We now join the TAG, and Dan, buried in a balaclava, explains that they're about to execute a drugs warrant on a house in Exeter. The door puts up no resistance, being already open, and everyone in the house is swiftly detained. One of the people in the house doesn't seem able to appreciate that cuffing everyone up is standard procedure, and evidence that something is going on here is added to by someone else turning up at the door. Everyone who isn't carrying drugs is allowed to go, except the guy who arrived late. He drove there, and is disqualified. Then he admits he's after something illegal for some weekend party activity. As the search progresses, Vicky finds 26 wraps of something powdery, a wodge of cash in a plastic pot and dregs of amphetamine in a scrap of bin-bag. This is just the start, with Dave finding yet more stuff in a handbag lurking beneath a pile of washing, and John showing off a rather nasty looking machete ready and waiting to repel borders.
Back with Darryl, heading out of Exeter to a collision out in the countryside.

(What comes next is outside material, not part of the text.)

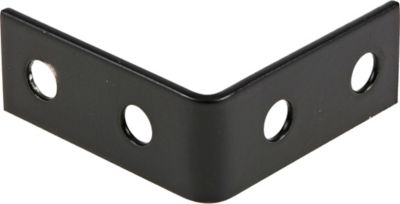 Image showing  Hardware Essentials 1-1/2 in. x 5/8 in. Corner Brace, Black, 4-Pack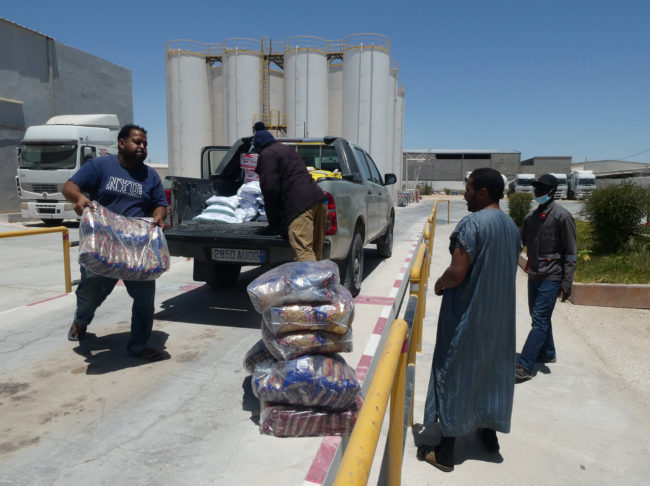 Denrées alimentaires vrac MauritaVie – Distribution de paniers solidaires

Reports about the state of the driver are somewhat confused, and Darryl discovers a car that has flipped right over. It turns out that the Driver is actually pretty much fine (thanks to his seatbelt), even if his car isn't. It appears that, when he was pulling into a passing place, the driver's brakes failed and he ended up ramming into a verge and flipping. Recovery of the vehicle is reasonably swift, if noisy, but the most important concern of the driver after his car is back on its wheels is the safety of the quiche he was carrying – which appears to have survived without so much as shedding a crumb.
Giles and Roger are patrolling the A38, and are passed by a car which has some incredibly long planks passed through the passenger window to the back. As the planks are far longer than the car, they're sticking out to an alarming degree. It's phenomenally dangerous, so he is quickly pulled. He immediately offers to saw up the wood, and is reminded that, if he could have done that, he should have before he left. Amazingly, the driver doesn't seem to realise just how dangerous it was to carry a load which widened his car by what turns out to be nearly a metre and a half – once Mark has measured it out – until he is sobered up with a fine. They leave him parked in a layby, sawing up the planks like he should have in the first place.